Al gran sole carico d'amore (In the Bright Sunshine Heavy with Love) is an opera (designated as an 'azione scenica') with music by Luigi Nono, based mainly on plays by Bertolt Brecht, but also incorporating texts of Fidel Castro, Che Guevara, Karl Marx, and Vladimir Lenin. Nono himself and Yuri Lyubimov wrote the libretto. It premiered at the Teatro alla Scala on 4 April 1975, conducted by Claudio Abbado. Lyubimov directed the original production. The UK premiere was at the 32nd Edinburgh Festival in 1978. In addition to vocal soloists, chorus and orchestra, the work incorporates taped sounds.
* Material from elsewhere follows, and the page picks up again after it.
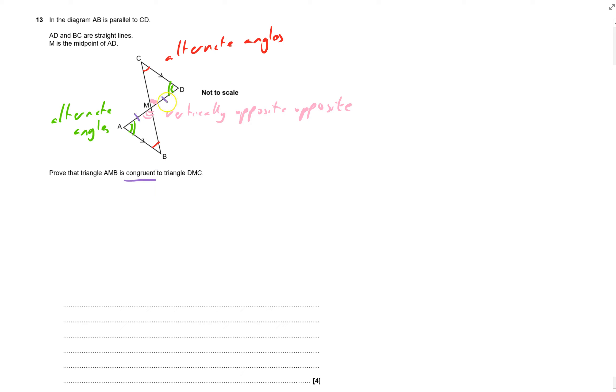And this length here is the same as that one because M, well, it says there M is midpoint of AD. And so it's like that. Those two are the same.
This work is a product of Nono's strong political activism through the mid-1970s.

==Roles==
- Tania (soprano)
- Thiers (tenor)
- Favre (bass)
- Louise Michel (4 sopranos)
- L'ufficiale, the official (tenor)
- Il soldato, the soldier (tenor)
- Bismarck (bass)
- La madre, the mother (alto)
- Deola (4 sopranos)
- Pavel (baritone)
- Il direttore di una fabbrica russa del 1905, the manager of a Russian factory in 1905 (tenor)
- Il delatore, the police informer (tenor)
- Haydée (soprano)
- Una madre e donne vietnamite, a mother and Vietnamese women (soprano)
- Gramsci (baritone)
- Dimitrov (2 basses)
- Castro (bass)
- Male and female communards, guerillas, comrades, the people of Paris, modern workers, mothers, Sicilian immigrants, Cuban women, prisoners

==Synopsis==
The story is without conventional linear narrative, and comments in its two parts on the 1871 Paris Commune and the 1905 Russian Revolution. The principal characters are women from those periods, who perish in an attempt to stop the violence of their times.

==Recordings==
- Teldec New Line (2-CD set) 8573-81059-2: Claudia Barainsky, Maraile Lichdi, Melinda Liebermann, Stella Kleindienst, Lani Poulson, Roderic Keating, Markus Marquardt, Peter Kajlinger, Urs Winter, Helmut Holzapfel, Mark Munkittrick, Carsten Wittmoser; Chorus and Orchestra of the Staatsoper Stuttgart; Lothar Zagrosek, conductor. Recorded June–July 1999 in the Staatstheater Stuttgart.